OpenFL Troubleshooting

The following is a list of commonly reported issues in Open Federated Learning (OpenFL). If you don’t see your issue reported here, please submit a Github issue or contact us directly on Slack.

  1. I see the error Cannot import name TensorFlowDataLoader from openfl.federated

    OpenFL currently uses conditional imports to attempt to be framework agnostic. If your task runner is derived from KerasTaskRunner or TensorflowTaskRunner, this error could come up if TensorFlow* was not installed in your collaborator’s virtual environment. If running on multi-node experiment, we recommend using the fx workspace export and fx workspace import commands, as this will ensure consistent modules between aggregator and collaborators.

  2. None of the collaborators can connect to my aggregator node

    There are a few reasons that this can happen, but the most common is the aggregator node’s FQDN (Fully qualified domain name) was incorrectly specified in the plan. By default, fx plan initialize will attempt to resolve the FQDN for you (this should look something like hostname.domain.com), but this can sometimes parse an incorrect domain name.

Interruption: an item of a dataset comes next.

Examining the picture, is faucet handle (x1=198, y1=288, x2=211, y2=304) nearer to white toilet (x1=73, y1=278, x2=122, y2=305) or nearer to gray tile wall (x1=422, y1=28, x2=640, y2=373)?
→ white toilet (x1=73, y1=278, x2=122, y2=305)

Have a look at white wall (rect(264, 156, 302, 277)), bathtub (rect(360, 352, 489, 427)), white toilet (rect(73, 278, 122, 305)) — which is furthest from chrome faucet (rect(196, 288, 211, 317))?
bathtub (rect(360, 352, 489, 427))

    If you face this issue, look at agg_addr in plan/plan.yaml and verify that you can access this address externally. If the address is externally accessible and you are running OpenFL in an enterprise environment, verify that the aggregator’s listening port is not blocked. In such cases, agg_port should be manually specified in the FL plan and then redistributed to all participants.

  3. After starting the collaborator, I see the error Handshake failed with fatal error SSL_ERROR_SSL

    This error likely results from a bad certificate presented by the collaborator. Steps for regenerating the collaborator certificate can be found here.

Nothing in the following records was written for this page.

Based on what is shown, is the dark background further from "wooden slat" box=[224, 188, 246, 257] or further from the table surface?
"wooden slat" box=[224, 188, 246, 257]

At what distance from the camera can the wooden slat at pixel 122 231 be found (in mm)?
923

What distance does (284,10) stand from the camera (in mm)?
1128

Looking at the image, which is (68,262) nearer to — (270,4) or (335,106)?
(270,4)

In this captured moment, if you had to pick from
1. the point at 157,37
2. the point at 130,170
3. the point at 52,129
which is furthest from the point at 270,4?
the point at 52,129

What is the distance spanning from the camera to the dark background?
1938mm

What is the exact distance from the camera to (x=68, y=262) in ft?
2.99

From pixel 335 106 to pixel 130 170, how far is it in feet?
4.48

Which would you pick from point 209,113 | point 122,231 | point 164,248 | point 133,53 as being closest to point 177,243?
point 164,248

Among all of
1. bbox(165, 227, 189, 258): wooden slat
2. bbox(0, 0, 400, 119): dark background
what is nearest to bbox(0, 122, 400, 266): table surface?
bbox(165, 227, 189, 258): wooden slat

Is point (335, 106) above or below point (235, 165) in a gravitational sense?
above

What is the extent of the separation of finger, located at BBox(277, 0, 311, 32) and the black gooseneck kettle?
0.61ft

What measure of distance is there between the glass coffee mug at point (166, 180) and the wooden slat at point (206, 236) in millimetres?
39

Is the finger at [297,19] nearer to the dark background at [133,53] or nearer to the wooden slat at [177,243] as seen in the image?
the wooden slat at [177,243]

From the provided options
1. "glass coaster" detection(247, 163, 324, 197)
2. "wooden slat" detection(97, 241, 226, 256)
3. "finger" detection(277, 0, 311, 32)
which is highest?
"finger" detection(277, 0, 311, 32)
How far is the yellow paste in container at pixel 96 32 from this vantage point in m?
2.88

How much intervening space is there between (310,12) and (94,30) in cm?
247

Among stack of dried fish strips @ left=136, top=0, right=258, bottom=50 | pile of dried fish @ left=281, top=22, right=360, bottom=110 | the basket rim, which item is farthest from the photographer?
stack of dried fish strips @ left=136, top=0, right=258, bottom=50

  4. I am seeing some other error while running the experiment. Is there more verbose logging available so I can investigate this on my own?

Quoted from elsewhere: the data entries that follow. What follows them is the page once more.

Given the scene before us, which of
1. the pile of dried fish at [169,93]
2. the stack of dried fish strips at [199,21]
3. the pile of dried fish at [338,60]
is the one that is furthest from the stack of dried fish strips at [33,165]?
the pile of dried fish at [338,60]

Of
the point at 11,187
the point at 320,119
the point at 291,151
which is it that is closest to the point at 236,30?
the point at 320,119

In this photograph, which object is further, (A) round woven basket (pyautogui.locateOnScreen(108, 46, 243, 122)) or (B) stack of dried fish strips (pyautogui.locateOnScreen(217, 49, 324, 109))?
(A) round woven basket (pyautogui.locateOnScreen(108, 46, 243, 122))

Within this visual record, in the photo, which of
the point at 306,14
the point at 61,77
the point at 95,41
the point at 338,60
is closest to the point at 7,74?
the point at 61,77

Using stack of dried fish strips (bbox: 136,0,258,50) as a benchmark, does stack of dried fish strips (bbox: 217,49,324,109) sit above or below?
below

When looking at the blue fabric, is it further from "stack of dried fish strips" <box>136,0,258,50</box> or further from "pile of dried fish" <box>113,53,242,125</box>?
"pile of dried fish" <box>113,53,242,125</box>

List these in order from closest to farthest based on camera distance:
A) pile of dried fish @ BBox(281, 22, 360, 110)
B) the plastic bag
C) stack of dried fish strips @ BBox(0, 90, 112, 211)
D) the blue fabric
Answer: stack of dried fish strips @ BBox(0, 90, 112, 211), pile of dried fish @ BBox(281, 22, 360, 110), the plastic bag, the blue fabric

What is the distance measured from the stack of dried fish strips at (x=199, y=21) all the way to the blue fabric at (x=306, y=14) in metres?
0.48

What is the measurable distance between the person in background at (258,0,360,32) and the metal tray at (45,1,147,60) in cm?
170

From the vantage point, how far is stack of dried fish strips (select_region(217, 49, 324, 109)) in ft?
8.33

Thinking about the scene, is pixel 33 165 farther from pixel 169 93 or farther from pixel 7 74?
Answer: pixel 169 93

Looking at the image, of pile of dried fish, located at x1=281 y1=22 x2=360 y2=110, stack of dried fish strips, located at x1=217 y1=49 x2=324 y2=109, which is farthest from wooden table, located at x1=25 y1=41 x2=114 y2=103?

    Yes! You can turn on verbose logging with fx -l DEBUG collaborator start or fx -l DEBUG aggregator start. This will give verbose information related to gRPC, bidirectional tensor transfer, and compression related information.

  5. Silent failures resulting from Out of Memory errors

    Observations:
    • fx envoy command terminates abruptly during the execution of training or validation loop due to the SIGKILL command issued by the kernel.

    • OOM error is captured in the kernel trace but not at the user program level.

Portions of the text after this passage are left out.